Once the line with "Blechnum revolutum photo 4" is found, repeat exactly that line and every one after it until the data below ends, including the last line.
________________
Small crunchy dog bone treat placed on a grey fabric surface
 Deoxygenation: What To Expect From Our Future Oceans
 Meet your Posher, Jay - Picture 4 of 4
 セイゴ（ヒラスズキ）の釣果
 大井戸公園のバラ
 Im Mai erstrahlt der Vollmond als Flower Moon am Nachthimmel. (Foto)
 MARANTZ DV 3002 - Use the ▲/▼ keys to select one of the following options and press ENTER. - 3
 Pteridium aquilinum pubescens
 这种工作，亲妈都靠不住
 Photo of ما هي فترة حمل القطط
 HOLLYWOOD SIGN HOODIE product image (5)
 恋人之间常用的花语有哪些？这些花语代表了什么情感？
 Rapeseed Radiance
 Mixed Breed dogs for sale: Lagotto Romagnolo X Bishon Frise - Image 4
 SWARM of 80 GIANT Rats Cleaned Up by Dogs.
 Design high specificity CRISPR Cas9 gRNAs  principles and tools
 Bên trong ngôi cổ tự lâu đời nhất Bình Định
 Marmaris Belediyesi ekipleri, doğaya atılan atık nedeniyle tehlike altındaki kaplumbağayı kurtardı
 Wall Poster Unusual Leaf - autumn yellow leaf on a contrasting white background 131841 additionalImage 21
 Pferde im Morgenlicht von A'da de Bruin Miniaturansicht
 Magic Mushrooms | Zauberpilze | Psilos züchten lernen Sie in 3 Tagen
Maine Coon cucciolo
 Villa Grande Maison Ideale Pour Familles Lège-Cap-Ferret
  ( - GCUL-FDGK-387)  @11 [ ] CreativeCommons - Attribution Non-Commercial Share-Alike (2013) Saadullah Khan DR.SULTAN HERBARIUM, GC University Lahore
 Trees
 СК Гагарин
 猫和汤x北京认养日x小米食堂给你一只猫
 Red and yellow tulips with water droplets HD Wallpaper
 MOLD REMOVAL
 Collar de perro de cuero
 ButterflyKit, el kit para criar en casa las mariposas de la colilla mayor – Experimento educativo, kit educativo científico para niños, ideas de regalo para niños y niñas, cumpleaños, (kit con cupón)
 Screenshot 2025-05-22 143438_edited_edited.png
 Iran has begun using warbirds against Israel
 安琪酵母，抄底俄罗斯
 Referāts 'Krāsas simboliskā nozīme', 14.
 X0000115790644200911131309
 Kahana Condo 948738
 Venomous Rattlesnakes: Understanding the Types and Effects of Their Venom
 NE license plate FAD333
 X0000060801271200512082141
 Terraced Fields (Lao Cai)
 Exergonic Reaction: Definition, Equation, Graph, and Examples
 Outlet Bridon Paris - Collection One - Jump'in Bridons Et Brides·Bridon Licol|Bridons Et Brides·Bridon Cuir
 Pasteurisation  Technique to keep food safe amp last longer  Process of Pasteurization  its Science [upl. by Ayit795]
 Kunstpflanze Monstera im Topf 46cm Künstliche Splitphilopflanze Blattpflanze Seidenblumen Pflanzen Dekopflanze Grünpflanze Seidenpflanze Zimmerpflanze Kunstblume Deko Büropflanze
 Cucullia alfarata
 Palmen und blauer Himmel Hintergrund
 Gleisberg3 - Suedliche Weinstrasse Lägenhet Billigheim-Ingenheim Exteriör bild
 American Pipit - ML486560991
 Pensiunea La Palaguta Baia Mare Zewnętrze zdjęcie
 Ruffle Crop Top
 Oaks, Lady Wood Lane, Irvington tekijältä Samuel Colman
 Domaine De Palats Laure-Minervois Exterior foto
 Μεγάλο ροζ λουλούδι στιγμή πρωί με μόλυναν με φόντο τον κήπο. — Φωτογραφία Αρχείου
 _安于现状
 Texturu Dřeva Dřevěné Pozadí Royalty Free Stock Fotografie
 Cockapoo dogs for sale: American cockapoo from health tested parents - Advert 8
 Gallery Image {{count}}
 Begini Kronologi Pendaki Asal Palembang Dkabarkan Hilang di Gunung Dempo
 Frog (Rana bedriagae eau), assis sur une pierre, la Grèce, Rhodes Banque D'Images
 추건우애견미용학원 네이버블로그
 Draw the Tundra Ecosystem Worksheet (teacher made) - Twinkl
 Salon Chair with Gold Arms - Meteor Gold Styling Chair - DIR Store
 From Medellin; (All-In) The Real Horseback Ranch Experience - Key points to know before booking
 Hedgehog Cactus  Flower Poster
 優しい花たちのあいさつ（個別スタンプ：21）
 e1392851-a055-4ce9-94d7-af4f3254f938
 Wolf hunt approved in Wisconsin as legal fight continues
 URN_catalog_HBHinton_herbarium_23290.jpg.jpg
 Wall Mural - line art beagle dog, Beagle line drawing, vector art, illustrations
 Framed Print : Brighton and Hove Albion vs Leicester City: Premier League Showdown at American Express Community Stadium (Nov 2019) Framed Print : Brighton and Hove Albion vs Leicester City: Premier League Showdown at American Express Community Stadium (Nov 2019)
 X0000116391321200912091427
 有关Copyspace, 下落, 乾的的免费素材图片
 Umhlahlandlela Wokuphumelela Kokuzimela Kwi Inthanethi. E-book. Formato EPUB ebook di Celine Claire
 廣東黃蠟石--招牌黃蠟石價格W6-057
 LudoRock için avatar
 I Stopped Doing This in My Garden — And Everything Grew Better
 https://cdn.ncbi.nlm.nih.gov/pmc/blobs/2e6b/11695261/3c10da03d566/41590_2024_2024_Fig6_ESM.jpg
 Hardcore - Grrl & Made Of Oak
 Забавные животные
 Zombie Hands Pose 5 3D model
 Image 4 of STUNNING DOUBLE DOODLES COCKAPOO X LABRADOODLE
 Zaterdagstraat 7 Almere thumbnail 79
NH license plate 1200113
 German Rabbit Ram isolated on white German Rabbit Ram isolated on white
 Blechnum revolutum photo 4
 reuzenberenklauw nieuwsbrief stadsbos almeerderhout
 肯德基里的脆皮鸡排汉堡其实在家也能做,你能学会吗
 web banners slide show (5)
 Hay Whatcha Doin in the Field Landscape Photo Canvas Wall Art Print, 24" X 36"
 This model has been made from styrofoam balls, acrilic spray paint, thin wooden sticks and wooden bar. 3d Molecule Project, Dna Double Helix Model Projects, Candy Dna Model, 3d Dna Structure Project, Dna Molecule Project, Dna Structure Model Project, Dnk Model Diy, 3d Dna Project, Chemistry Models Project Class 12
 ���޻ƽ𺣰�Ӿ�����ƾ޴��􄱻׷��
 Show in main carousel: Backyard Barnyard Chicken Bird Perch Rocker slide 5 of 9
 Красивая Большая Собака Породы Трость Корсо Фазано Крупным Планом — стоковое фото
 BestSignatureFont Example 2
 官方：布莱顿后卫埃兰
________________
SOLUTION FOR THIS PROBLEM
 Blechnum revolutum photo 4
 reuzenberenklauw nieuwsbrief stadsbos almeerderhout
 肯德基里的脆皮鸡排汉堡其实在家也能做,你能学会吗
 web banners slide show (5)
 Hay Whatcha Doin in the Field Landscape Photo Canvas Wall Art Print, 24" X 36"
 This model has been made from styrofoam balls, acrilic spray paint, thin wooden sticks and wooden bar. 3d Molecule Project, Dna Double Helix Model Projects, Candy Dna Model, 3d Dna Structure Project, Dna Molecule Project, Dna Structure Model Project, Dnk Model Diy, 3d Dna Project, Chemistry Models Project Class 12
 ���޻ƽ𺣰�Ӿ�����ƾ޴��􄱻׷��
 Show in main carousel: Backyard Barnyard Chicken Bird Perch Rocker slide 5 of 9
 Красивая Большая Собака Породы Трость Корсо Фазано Крупным Планом — стоковое фото
 BestSignatureFont Example 2
 官方：布莱顿后卫埃兰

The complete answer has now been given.